Meenah is forced into a society that will judge her rather than seek to understand her need to survive. They don’t necessarily judge her for past criminal activity, but for her sudden and unprecedented entrance into a setting where she does not belong. This is not the status quo. Criminals do not get a free pass into high society, and respectable men do not marry so low when there is an abundance of qualified brides at their disposal. It is simply that way, and so it must remain until someone highly esteemed deems otherwise and garners enough followers to enact a change.

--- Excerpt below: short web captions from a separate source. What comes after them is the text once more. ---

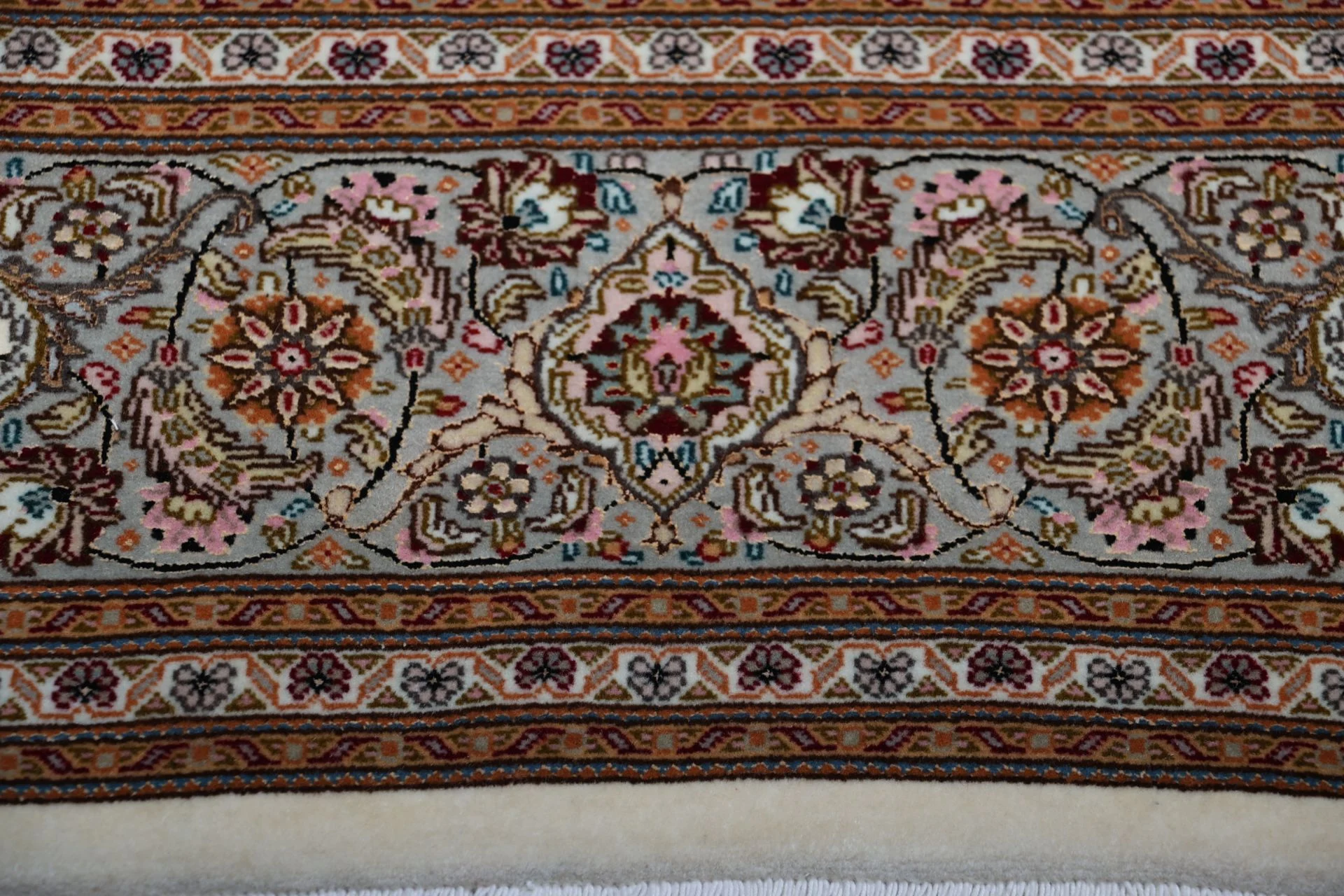 Handgeknüpfter Täbriz Perserteppich, 202 × 246 cm, Wolle & Seide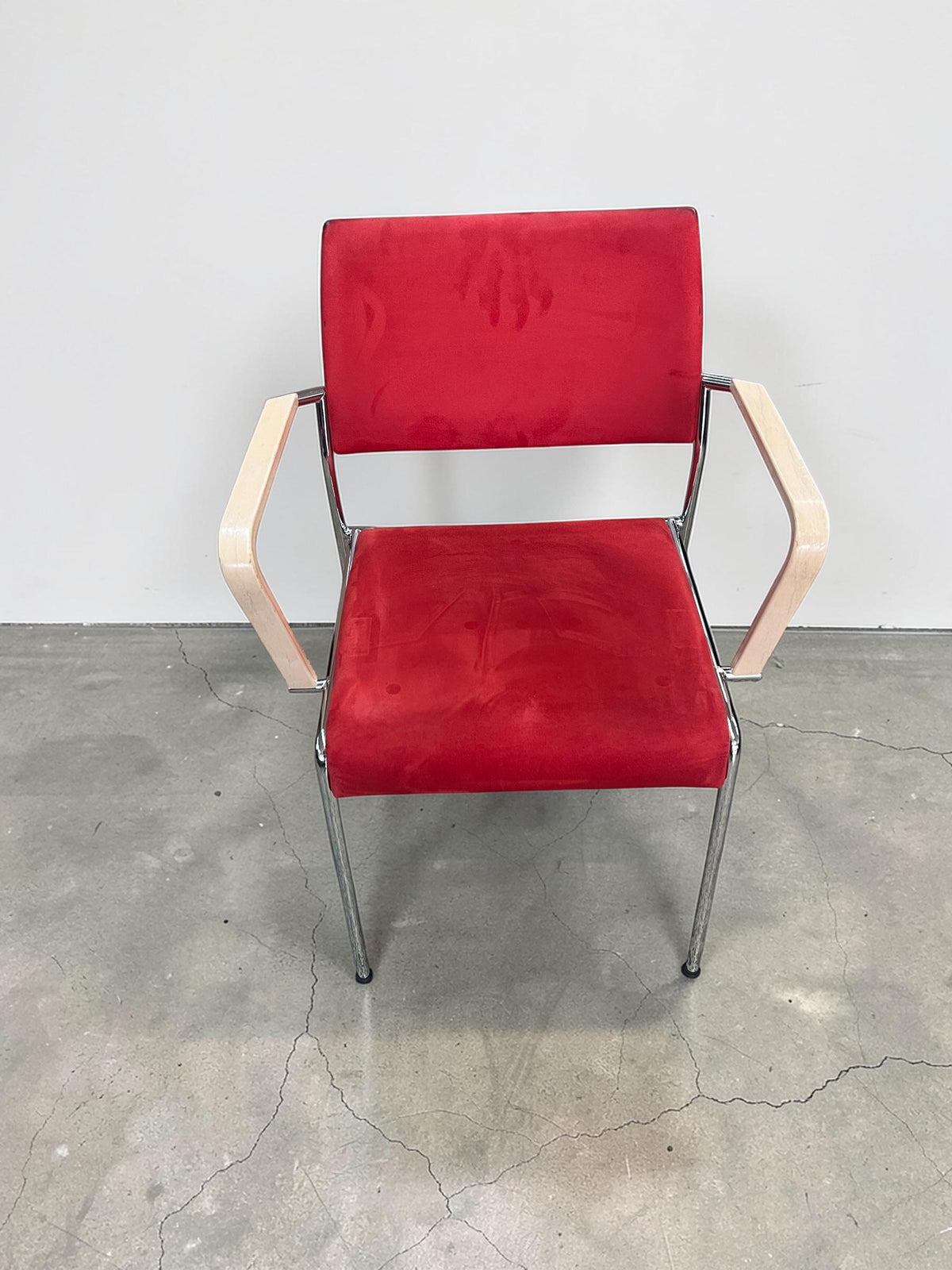 Brunner Design Konferenzstuhl stapelbar | Vintage Büro Stuhl mit Holzarmlehnen & Chrom | Besucherstuhl Rot Schwarz | 4er Set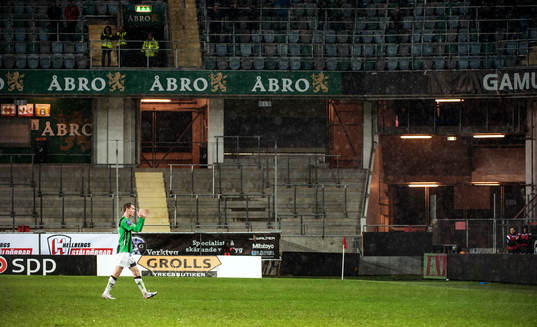 Fredrik Lundgren, Gais, tackas av när han byts ut i sin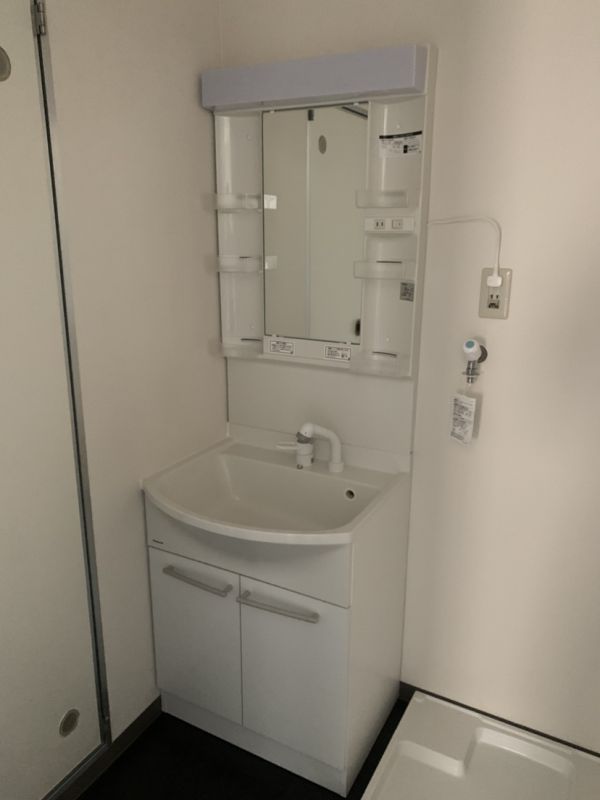 グリーンヒル小金台E棟1階2LDK 洗面所の画像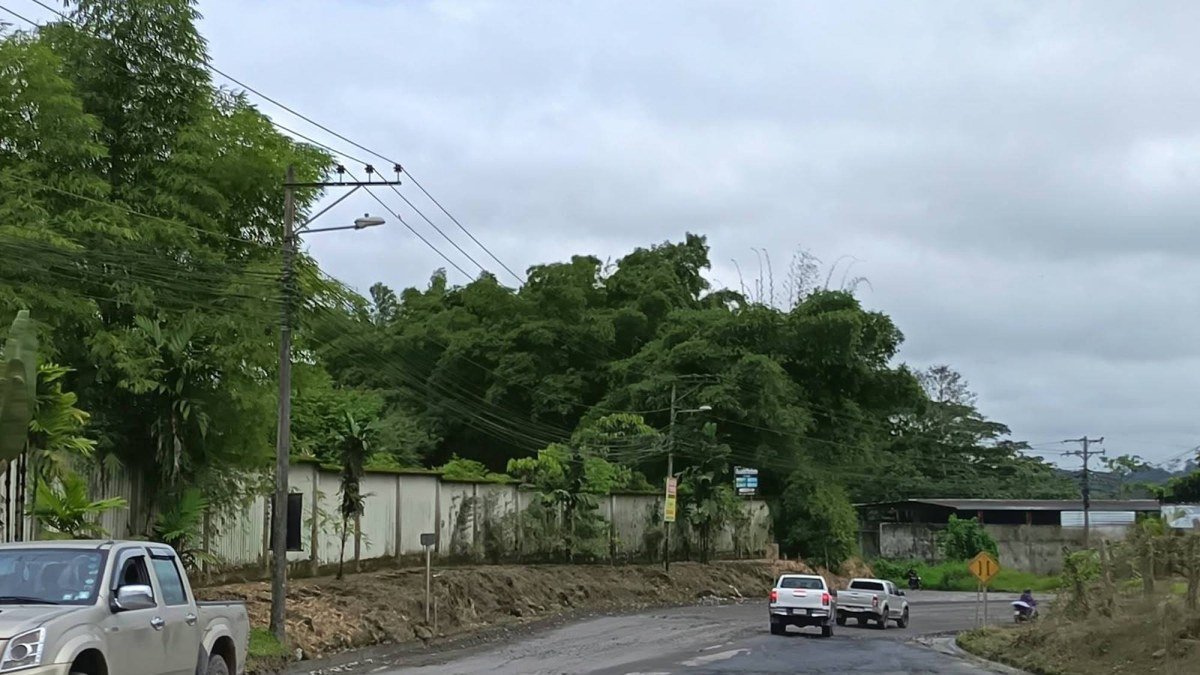 La vía alterna Las Mercedes a Quito presenta severos daños por el clima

Going back to the verse in Proverbs, we see that the punishment is the same for every human being - or at least it should be. This means God puts us all on the same level, which is confirmed in Acts when Peter tells us that God shows no partiality. In fact, He extends the same grace to everyone, a free pass out of sin (to which we are all predisposed) and into freedom. So, why do we not accept that we are all equals in God’s eyes, simply walking different paths on the earth, serving different purposes, until our return home?
This freedom is something George hopes to show Meenah, having encountered it himself. And though he wishes he could show it to everyone, he sees in her a heart not yet wholly calloused by the pain of her past, and it gives him hope - hope that she can take his legacy and multiply it to the people he was unable to reach. And if it just so happens that they find a deeper, truer sense of love along the way, so be it.